Soccer Played Through the Pandemic. Now It Has to Do It All Again. - 2 minutes read


Most found that players followed the rules to the letter, doing little more than cloister in their homes — except for training sessions and games — during the two months it took to finish the season.

“We expected them outside of the training grounds to follow the government advice in relation to social distancing at the time, in relation to hygiene, in relation to where they would visit,” Richard Garlick, the Premier League’s director of football, said. “They were doing that with the mind-set of, ‘We want to get restarted, we have got these protocols in place.’ They did all the right things.”

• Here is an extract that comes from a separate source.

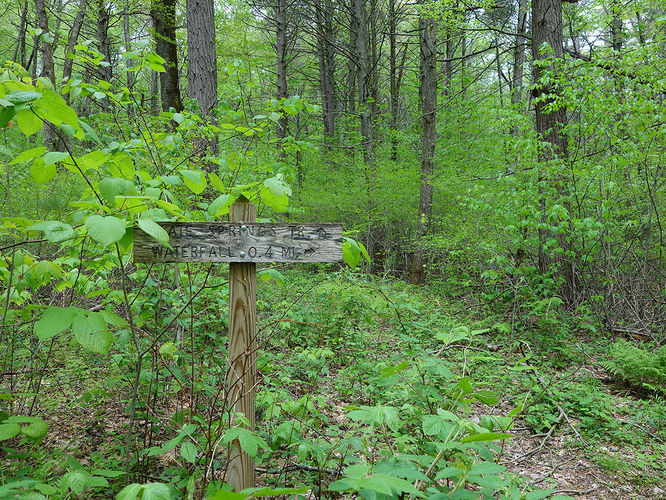 Picture 6 of Hone Quarry Falls Hike 050419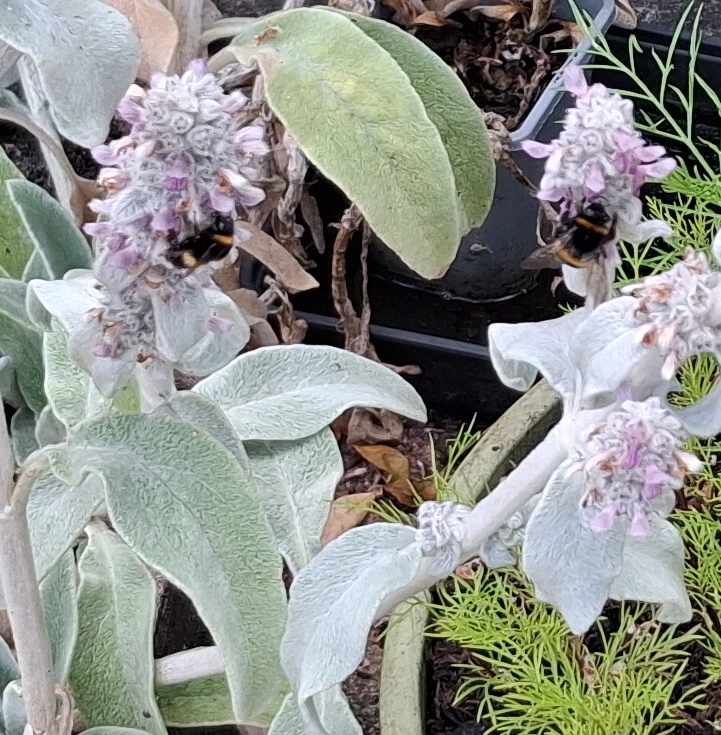 stachys byzantina lambs ear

There were occasional “aberrations,” as Garlick called them: a handful of Premier League players caught holding lockdown parties, or visiting friends, or inviting acquaintances to their homes. In Germany, the coach of Augsburg, Heiko Herrlich, missed his team’s restart after he broke quarantine to buy toothpaste. In Spain, La Liga officials scoured social media for potential violations after some Sevilla players were pictured enjoying a barbecue together.

“We quickly contacted the clubs and reminded them very strongly what responsibility they had,” Ortega said.

The Premier League posted a permanent delegate at each club’s training facility to ensure compliance and to prevent any team from bending the rules to gain any advantage over its opponents at a time when the type of training that was permitted was governed by social distancing. “It was just making sure there was a level playing field and no one was secretly doing anything,” Garlick said. “And they weren’t, because they realized the risks.”